The ordinary-sized words are for everyone, but the big ones are especially for children.



Monday, 15 May 2017

Spot the Frippet: hog.

What's a hog?

Well, it depends where it is.

In Britain a hog is a domesticated male pig weighing over 102 kilograms (odd, those extra two kilograms, aren't they).

File:Pig 8907.JPG
photo by Steven Lek

In America a hog can be any sort of a pig at all - or a large and powerful motorbike

In Australia and New Zealand, and some rural parts of Britain, a hog is a sheep (yes, a sheep!) as long as it's under a year old and has not been sheared (a hogg, with two g s, however, is a sheep before its second shearing).
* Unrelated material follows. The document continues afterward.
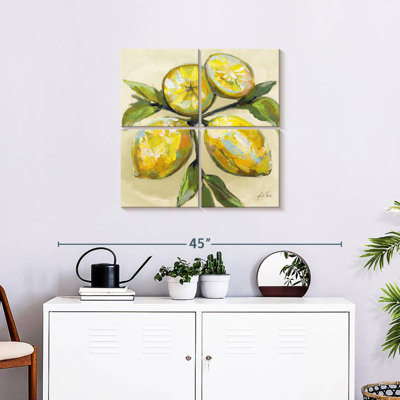 Yarlin Lemons On Cream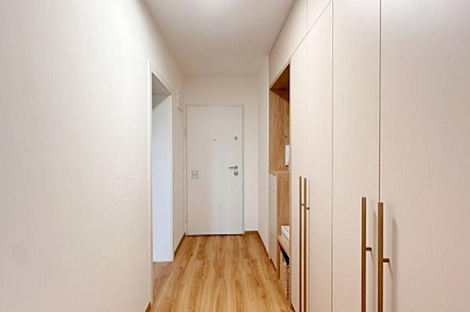 Квартира с тремя комнатами в районе Шишка: 16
File:Sheep on Hogg Hill. - geograph.org.uk - 44677.jpg
I'm not sure whether these are hogs - or hoggs - but they're on Hogg Hill, England. Photo by Ronald G Nash

But of course everywhere, and very easily spotted, there are human hogs: greedy, selfish, and probably not too careful about their personal hygiene. 



By Source, Fair use, https://en.wikipedia.org/w/index.php?curid=27803483

Yes, there are hogs all over the place: even if you're shipwrecked and haven't the food to make a hog of yourself then you may still have the sort of hog that's a brush for scraping a ship's bottom (the hog of the ship itself is the amount the ship's keel droops at the ends).

Lastly, a hog is a beam in a building that goes upwards in the middle, like a hog's back.

There: hog. Nice easy spot, I should think. And if it's not, I can only suggest laying your hands on a couple of doughnuts and a mirror.

Spot the Frippet: hog. This word is Celtic. The Old English form was hogg, and the Cornish is hoch.